Am worried about me, currently deactivated again. Too much fear and anger and uncertainty is consuming me. I did nothing all day but sleep on the couch after a bad night/morning of Uber rides, got done about 4:30am, obsessively stayed on my phone even after I went home and layed down until about 10:am before finally falling asleep.
Now it is 7:30pm and I’m still laying here. Missed out on playing tennis in my Meet Up group at 5:30, missing out on a chance to get some outside air and good exercise(I need to realize that’s more important than how much I suck, as far as my tennis-playing ability is concerned, even though that perpetually frustrates the living hell out of me).
Now am just laying here, trying to decide whether to get up and go eat somewhere and then go see a movie and/or do Uber rides, or do nothing at all….
I’m….too frustrated and angry and scared and lost . I worry about me. Sorry about how self-absorbed this must sound. I truly love you all(no matter how little or how much I know you), and am always hoping and praying for the best for all of you, that either things deservingly stay good for you if they currently are,
or that things desrvingly get drastically better for you if you’re struggling out there and are well overdue for much better days ahead.
Rise above, good people. Hang in there and stay strong.

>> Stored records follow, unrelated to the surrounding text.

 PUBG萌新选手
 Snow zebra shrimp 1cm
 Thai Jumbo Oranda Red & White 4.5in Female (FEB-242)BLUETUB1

(Oh for the love of G-d, it’s telling me I’m short of 300 words again and can’t be “published” until I reach that minimum amount. Sigh.) Tell me, whomever was responsible in redesigning this site, why this obligatory 300-word minimum clause?!? Why in the hell would they require something as incredibly stupid as that?!? As if they haven’t ruined an incredibly wonderful site as it is, desecrating and all but eliminating the beautifully designed individual profile pages that so many people took so much time and put such thought and creativity into, but then they have to torment us further by requiring out blogs to be a certain length?!?)